From time to time, I like a meringue, and when that’s what you want, there’s no substitute for its insubstantial sweetness. But given the choice, I will always opt for floating island instead. You’ve had it, I hope? It’s more complicated, but more satisfying. The beaten, sugared egg white is poached in vanilla-flavored milk. The yolks left over from the meringue are combined with the poaching liquid to form a thin custard sauce. The soft meringues are then served floating on a pool of custard and if you are very lucky, some kitchen magician will have placed a brittle frizz of caramelized sugar atop it all.

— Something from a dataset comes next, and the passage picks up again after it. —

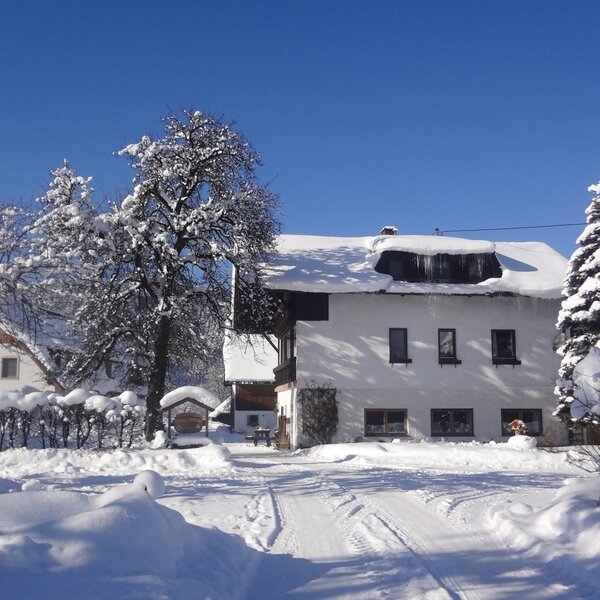 The snow-covered exterior of the Farm House, surrounded by snow-laden trees and a driveway under a clear blue sky.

You could tell that was a metaphor, right? The fact is, I don’t know what else to say about Eva Ibbotson. I’ve loved her books for many years because they are to escape reading what a floating island is to a meringue: familiar ingredients and technique, elevated by talent and craft to something sublime. Yes, Magic Flutes is a romantic novel (and if you buy it for the Kindle, do not be put off by the cheesy cover). Yes, we can tell where it’s going from the very first page. Yes, Eva Ibbotson’s main job is to keep the appealing hero and the appealing heroine apart for the length of the book.

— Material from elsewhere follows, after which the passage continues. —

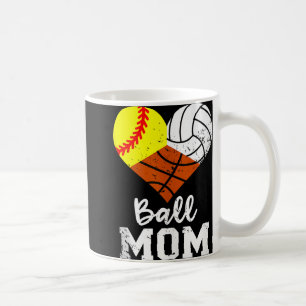 Ball Mum Funny Softball Volleyball Basketball Mum Coffee Mug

But while she is fulfilling the requirements of her genre, Ibbotson is also gently mocking it, and this is what makes Magic Flutes so delicious. Everything is pushed just a little too far: the castle (of course there’s a castle!) too large, the hero too swashbuckling, the heroine too lovable, the wicked woman of the world too selfish and shallow. The setting is Austria between the World Wars and Ibbotson, Viennese by birth, gives us all the appealing Viennese tropes: the pigeons, the quaint squares, the pastries, the opera…
…. The opera! Magic Flutes, get it? Yes, we have a lovely young couple who must be permitted to get together in the end, and yes, the girl is a princess. But she is also the under wardrobe mistress in a ragtag opera company that is engaged in mounting a production of, naturally, The Magic Flute. So the secondary characters are caricatures for the most part, but enchanting ones: the Russian Duke who goes nowhere without his somewhat tattered live bear, the tortured composer who goes nowhere without his yogurt culture known as The Mother, the ballet dancers known simply as “the Heidis.”
Ibbotson is better known for her young adult fiction, including a novel called The Secret of Platform 13, published in 1994, that seems to prefigure the Harry Potter novels with its magical station platform. But it’s the handful of Ibbotson’s witty, literate romances that I really treasure.